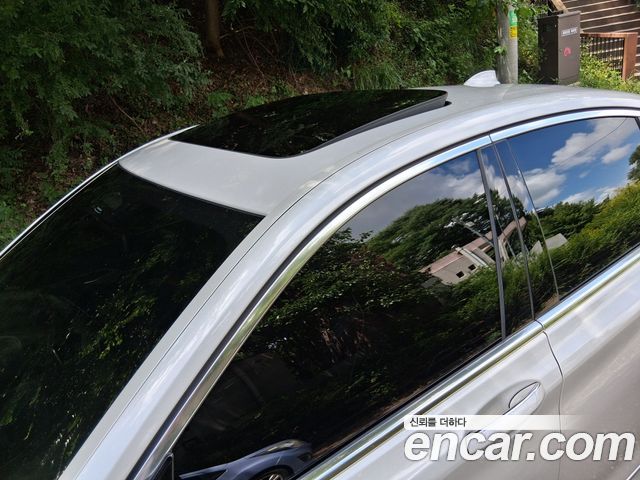 BMW 7 Series (G11) 745e iPerformance Design Pure Excellence 2021 — фото 7
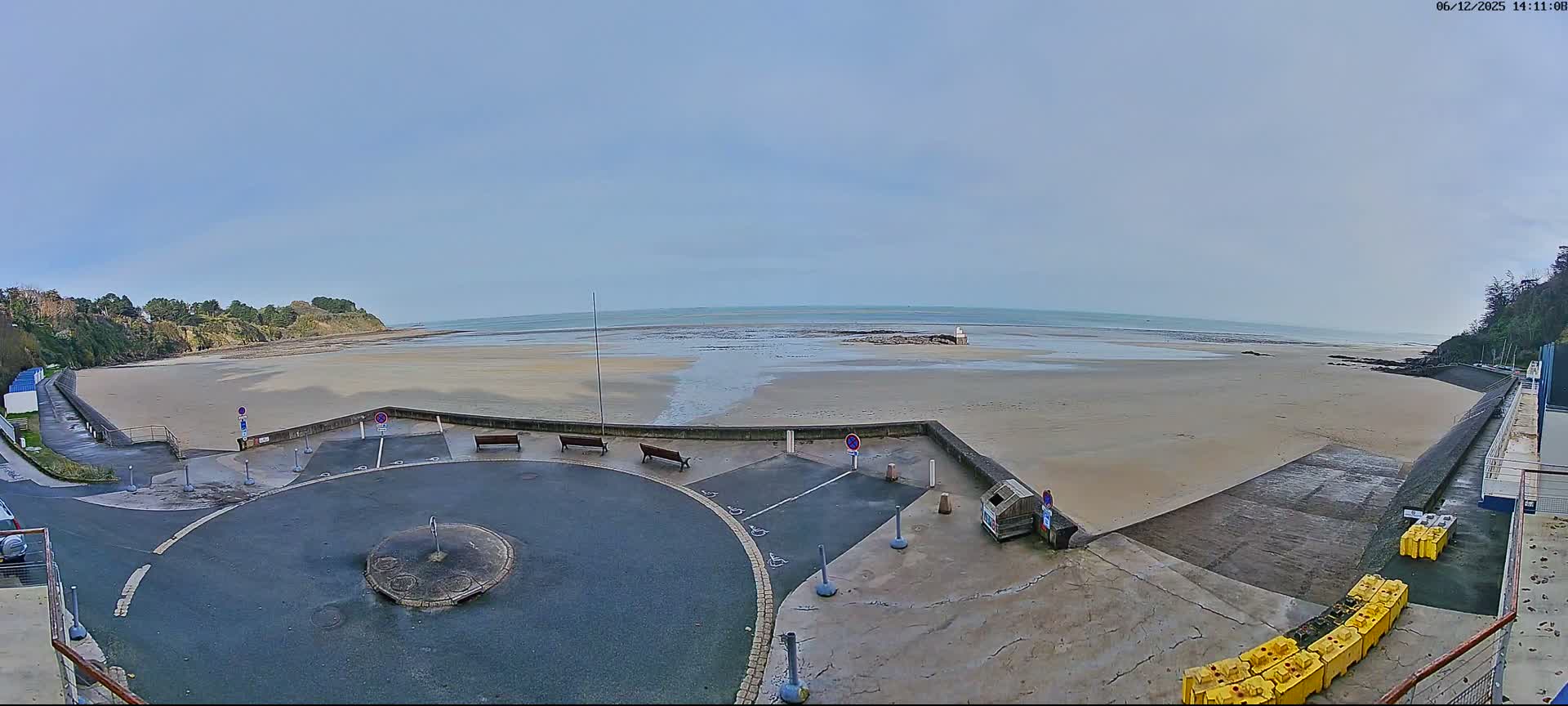 Etables-sur-Mer , Plage des Godelins Beach Live Cam - Saint-Brieuc, Cotes-d'Armor, Bretagne, france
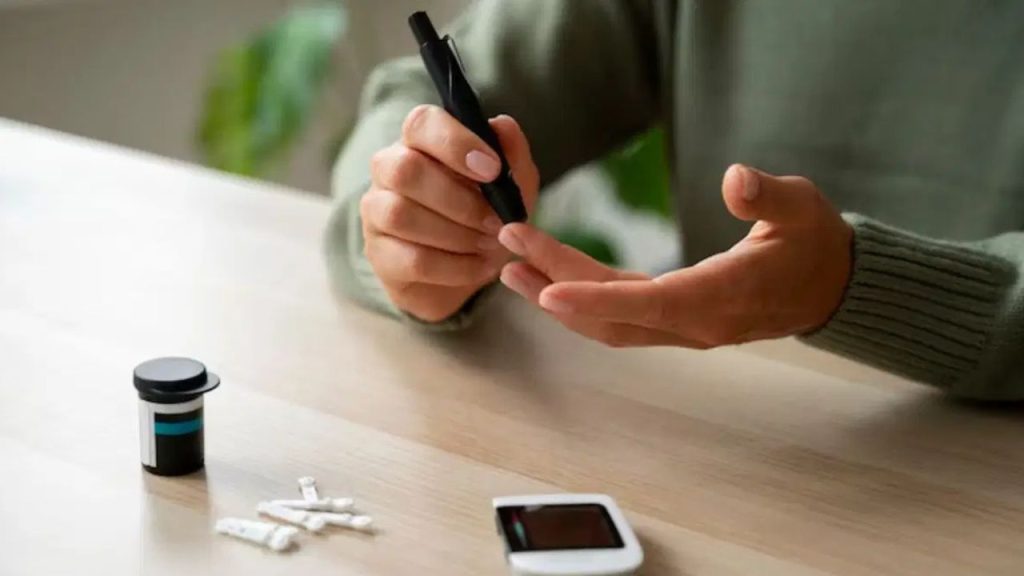 Diabetes: कम नींद लेना बन सकता है आपके डायबिटीज होने का कारण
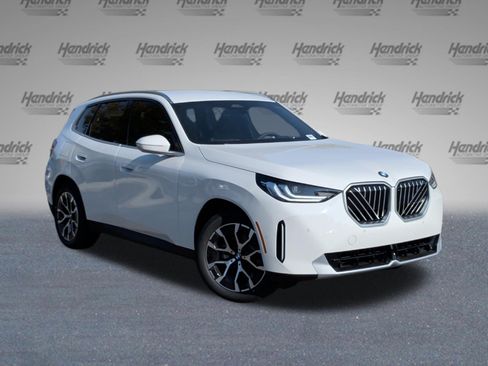 Used 2026 BMW X3 xDrive30i w/ Convenience Package AWD/4WD image 2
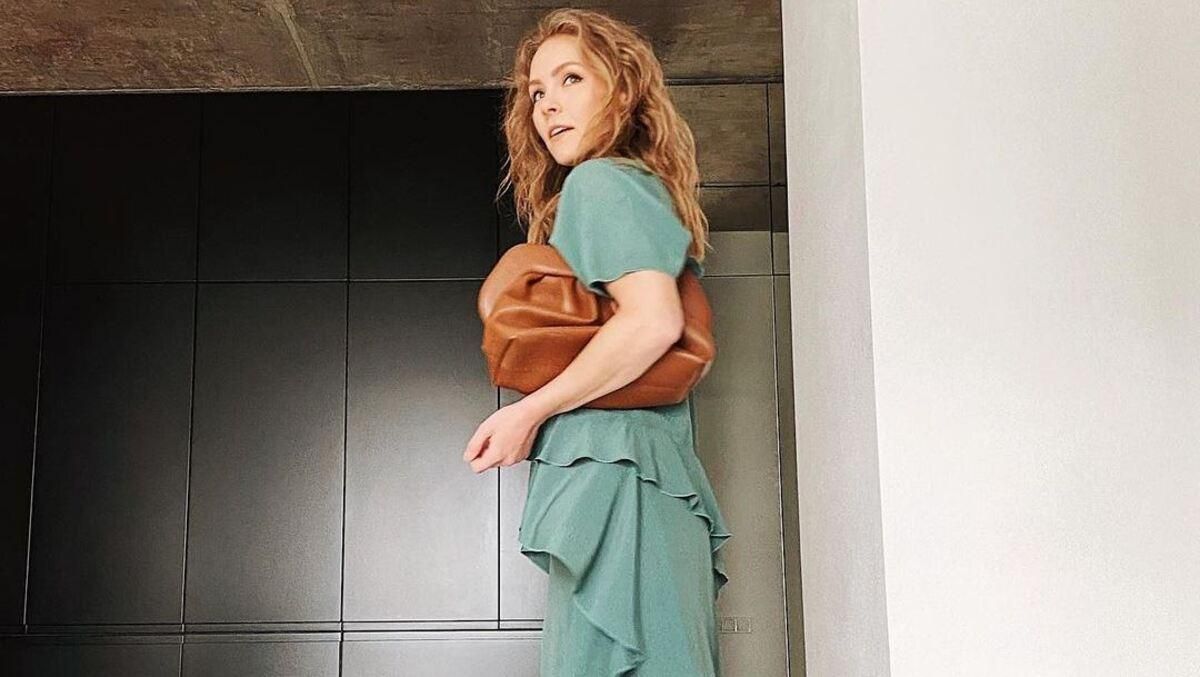 Олена Шоптенко вразила стильним образом у смарагдовій сукні: фото Олена Шоптенко вразила стильним образом у смарагдовій сукні: фото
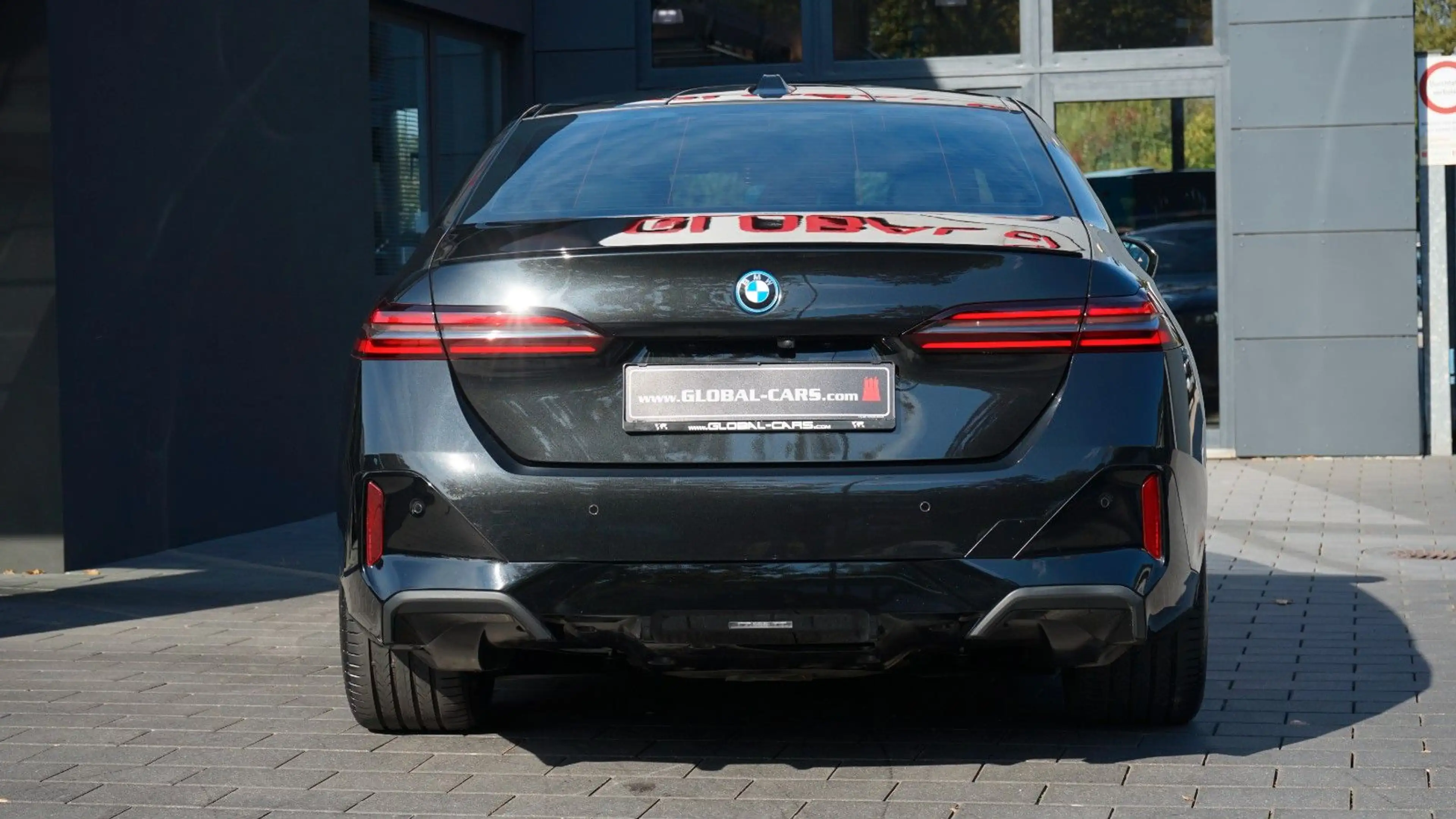 BMW i5 40e M-SPORTPAKET*PANO*PRO PAKET*INNOVATION — photo 15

******************************

* _Work request_
An exact copy of every record above is required, with all pictures omitted.

* _Answer to the problem_
 BMW 7 Series (G11) 745e iPerformance Design Pure Excellence 2021 — фото 7
 Etables-sur-Mer , Plage des Godelins Beach Live Cam - Saint-Brieuc, Cotes-d'Armor, Bretagne, france
 Diabetes: कम नींद लेना बन सकता है आपके डायबिटीज होने का कारण
 Used 2026 BMW X3 xDrive30i w/ Convenience Package AWD/4WD image 2
 Олена Шоптенко вразила стильним образом у смарагдовій сукні: фото Олена Шоптенко вразила стильним образом у смарагдовій сукні: фото
 BMW i5 40e M-SPORTPAKET*PANO*PRO PAKET*INNOVATION — photo 15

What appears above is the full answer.